OpsCenter 7.5.0.6 database maxes out

MilanPalian-A · ‎09-26-2013

The OpsCenter database (dbsrv11.exe) maxes out the CPU. I have allocated 6 cores just to the database, and they are running 100% continuously.

I have done all the obvious stuff: defrag disk, defrag database, increase cache (32GB), add processors. The only thing that quiets the database is disabling data collection for 4 of my 7 appliances, the other masters do not seem to affect performance as much.

I already opened a case, but support seems clueless about the database. Has anyone had this problem on 7.5.0.6?

Dave_High · ‎09-26-2013

HI MIlan,

How large is your database and how many JOBS per day are you pulling into OpsCenter? 7.5.0.6 had some DB and performance enhancements that even our very large customers are liking. I am worried that six cores simply isnt enough. Is this running on a VM? Not really something we recommend as it requires a lot more resources just to do a basic job. The fact that you can disable some of your appliances and performance improves tells me you may be overloading the system.

Thanks,

dave

MilanPalian-A · ‎09-27-2013

Hello Dave,

It is a standalone system, octacore, 48GB, dedicated to OpsCenter, no VM, with 30GB database and 25.000 jobs per day.

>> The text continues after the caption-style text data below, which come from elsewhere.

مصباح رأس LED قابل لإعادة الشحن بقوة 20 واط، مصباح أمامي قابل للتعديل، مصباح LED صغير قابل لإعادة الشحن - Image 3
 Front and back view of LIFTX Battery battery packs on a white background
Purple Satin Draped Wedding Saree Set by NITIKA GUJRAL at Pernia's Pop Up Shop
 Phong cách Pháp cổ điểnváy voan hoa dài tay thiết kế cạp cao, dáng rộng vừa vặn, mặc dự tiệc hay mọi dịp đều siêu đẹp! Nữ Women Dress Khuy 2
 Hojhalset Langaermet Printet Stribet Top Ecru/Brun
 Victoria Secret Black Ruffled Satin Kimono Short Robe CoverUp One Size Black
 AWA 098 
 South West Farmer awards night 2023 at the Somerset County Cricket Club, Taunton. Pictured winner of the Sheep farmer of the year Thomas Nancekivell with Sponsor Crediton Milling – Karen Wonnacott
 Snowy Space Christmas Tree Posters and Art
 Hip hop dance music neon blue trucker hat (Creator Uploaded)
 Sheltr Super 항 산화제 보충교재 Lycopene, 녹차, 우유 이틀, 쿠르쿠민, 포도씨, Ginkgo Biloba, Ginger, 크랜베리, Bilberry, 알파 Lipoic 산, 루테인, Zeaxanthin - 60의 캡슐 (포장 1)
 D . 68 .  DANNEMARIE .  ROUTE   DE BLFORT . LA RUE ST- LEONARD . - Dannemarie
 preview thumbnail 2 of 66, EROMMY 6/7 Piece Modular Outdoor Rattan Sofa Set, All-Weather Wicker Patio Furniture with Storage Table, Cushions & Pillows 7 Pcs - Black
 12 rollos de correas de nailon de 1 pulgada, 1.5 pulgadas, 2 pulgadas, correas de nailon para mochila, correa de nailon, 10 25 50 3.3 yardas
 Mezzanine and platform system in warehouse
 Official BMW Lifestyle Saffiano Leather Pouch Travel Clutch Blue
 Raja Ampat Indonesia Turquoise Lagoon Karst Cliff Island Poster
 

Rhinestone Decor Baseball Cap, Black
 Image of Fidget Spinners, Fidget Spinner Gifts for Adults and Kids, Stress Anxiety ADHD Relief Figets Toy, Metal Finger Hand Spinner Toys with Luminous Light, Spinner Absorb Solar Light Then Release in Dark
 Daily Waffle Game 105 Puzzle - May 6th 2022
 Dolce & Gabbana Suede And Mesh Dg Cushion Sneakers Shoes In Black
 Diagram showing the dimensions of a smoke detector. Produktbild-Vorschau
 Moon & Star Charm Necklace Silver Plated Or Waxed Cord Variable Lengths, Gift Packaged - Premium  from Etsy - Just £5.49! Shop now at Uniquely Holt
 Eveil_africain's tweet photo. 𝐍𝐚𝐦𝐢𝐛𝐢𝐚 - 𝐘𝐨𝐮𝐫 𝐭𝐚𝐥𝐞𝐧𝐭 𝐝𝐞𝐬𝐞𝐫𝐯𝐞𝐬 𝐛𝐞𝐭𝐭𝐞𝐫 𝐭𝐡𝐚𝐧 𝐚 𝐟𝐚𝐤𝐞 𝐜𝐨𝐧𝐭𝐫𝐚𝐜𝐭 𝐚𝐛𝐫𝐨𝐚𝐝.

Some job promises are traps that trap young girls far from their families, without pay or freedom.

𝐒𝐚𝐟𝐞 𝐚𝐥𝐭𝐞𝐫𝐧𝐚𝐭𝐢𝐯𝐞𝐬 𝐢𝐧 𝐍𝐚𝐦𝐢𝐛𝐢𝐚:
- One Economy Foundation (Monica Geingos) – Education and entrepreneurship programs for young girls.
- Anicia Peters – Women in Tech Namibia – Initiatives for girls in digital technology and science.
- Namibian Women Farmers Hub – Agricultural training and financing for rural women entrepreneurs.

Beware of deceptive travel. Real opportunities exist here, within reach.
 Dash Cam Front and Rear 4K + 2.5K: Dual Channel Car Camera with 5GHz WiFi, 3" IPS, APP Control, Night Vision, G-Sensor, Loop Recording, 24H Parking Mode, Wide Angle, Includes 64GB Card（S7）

Thanks for your input, that is new info for me, as I was under the impression that we had a decently configured machine for OpsCenter purposes. We are going to scale up soon, so I am hoping this will help. However, what sort of system would we need if we added, say, a hundred appliances? It is interesting that the other NBU Masters do not seem to have such an impact, as the Appliances, but maybe it is due to the nature of the job mix that we have on the Appliances.

Milan

MilanPalian-A · ‎09-27-2013

Dave,

I should also add that it is not just overload from too many queries, the processors are running 100% continuously. It looks as you would expect from a long running query or a full scan of the database.

Regards,

Milan

Dave_High · ‎09-27-2013

Ya, that is a monster system for only 25k jobs per day. Keep the support case open and force it into backline. All our other customers who have upgraded have been very pleased with the performance. This is the first I have heard of issues.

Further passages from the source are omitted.